Circa un centinaio di opere sono proposte al pubblico giapponese, dal 4 gennaio gennaio 2020 al 15 aprile 2020, a documentare l’intensa attività di questo protagonista della ceramica scomparso nel 2017, meglio noto all’estero che non in Italia. Caruso fu artista, ceramista, designer, scrittore; a lui si devono i primi scritti divulgativi sull’arte del fare ceramica, tradotti in tutto il mondo.

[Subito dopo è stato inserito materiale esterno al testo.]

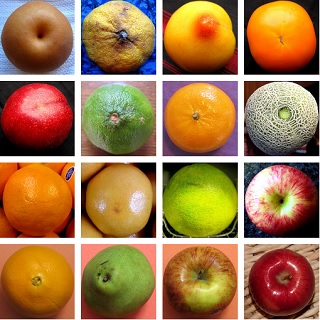 Image: uncut fruit, by Ugly Duckling's (im_an_ugly_duckling) on Photobucket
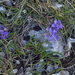 0017-Edraianthus-graminifolius-cliffs-stony-slopes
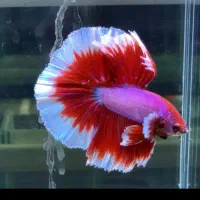 قبولی واگذاری فایتر گوپی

La sua vivace biografia delinea la vitalità di un personaggio sempre alla ricerca di nuove esperienze artistiche e produttive. Proveniente da una famiglia siciliana, Caruso nasce e cresce a Tripoli dove frequenta le scuole elementari. Negli anni ’50 rientra in Italia, raggiunge Roma e viene introdotto da Salvatore Meli a Villa Massimo dove conosce Guttuso, gli artisti e intellettuali dell’avanguardia romana. Nel 1954 decide di intraprendere l’attività di ceramista, diplomandosi presso l’Istituto Statale di Arte di Roma. Nel 1956 espone per la prima volta alla galleria “L’incontro” insieme a Guttuso. A partire dal 1965 inizia ad usare il polistirolo per realizzare stampi a colaggio in cui versa l’argilla, rivoluzionando il suo metodo di lavoro, alla ricerca di un nuovo rapporto scultura-architettura. Inizia un profondo studio della modularità che assume una precisa funzione architettonica, sistema che gli aprirà collaborazioni significative con le aziende. Nel 1966 contribuisce alla costituzione del Centro Italiano delle Produzioni d’Arte (CIPA) di cui assume il ruolo di segretario con la presidenza affidata all’architetto Gio Ponti. Accanto alla carriera di designer e ceramista inizia la docenza: nel 1970 sostituisce lo scultore Leoncillo Leonardi, all’Istituto Statale di Arte di Roma, vincendo il concorso per la cattedra di progettazione ceramica, per quindici anni. Dalla metà degli anni settanta stringe collaborazioni frequenti con alcune università statunitensi dove organizza mostre, workshop e seminari. Matura gradualmente una vasta conoscenza delle tecniche ceramiche, come quelle antiche ancora in atto nelle civiltà orientali, e apprende direttamente, grazie a lunghi soggiorni in Giappone, le sperimentazioni più innovative. La sua ampia produzione mostra un’attenzione particolare alle tematiche dell’antico applicate alla modernità. Già dai lavori degli esordi, negli anni ’50, considerati primitivi e picassiani, emerge uno studio sulla tradizione rivisitata successivamente nelle produzioni più legate al design, all’applicazione in spazi urbani e architettonici. La sua passione per l’arte etrusca gli vale importanti riconoscimenti con opere pubbliche in omaggio a questa significativa civiltà.
Le mostre giapponesi, attraverso una attenta selezione di pezzi proposta dal curatore, Tomohiro Daicho del Museo d’Arte Moderna (MOMAK) di Kyoto, con il supporto del MIC, propongono una nuova attuale lettura dell’opera di Caruso in collegamento anche con la cultura ceramica giapponese.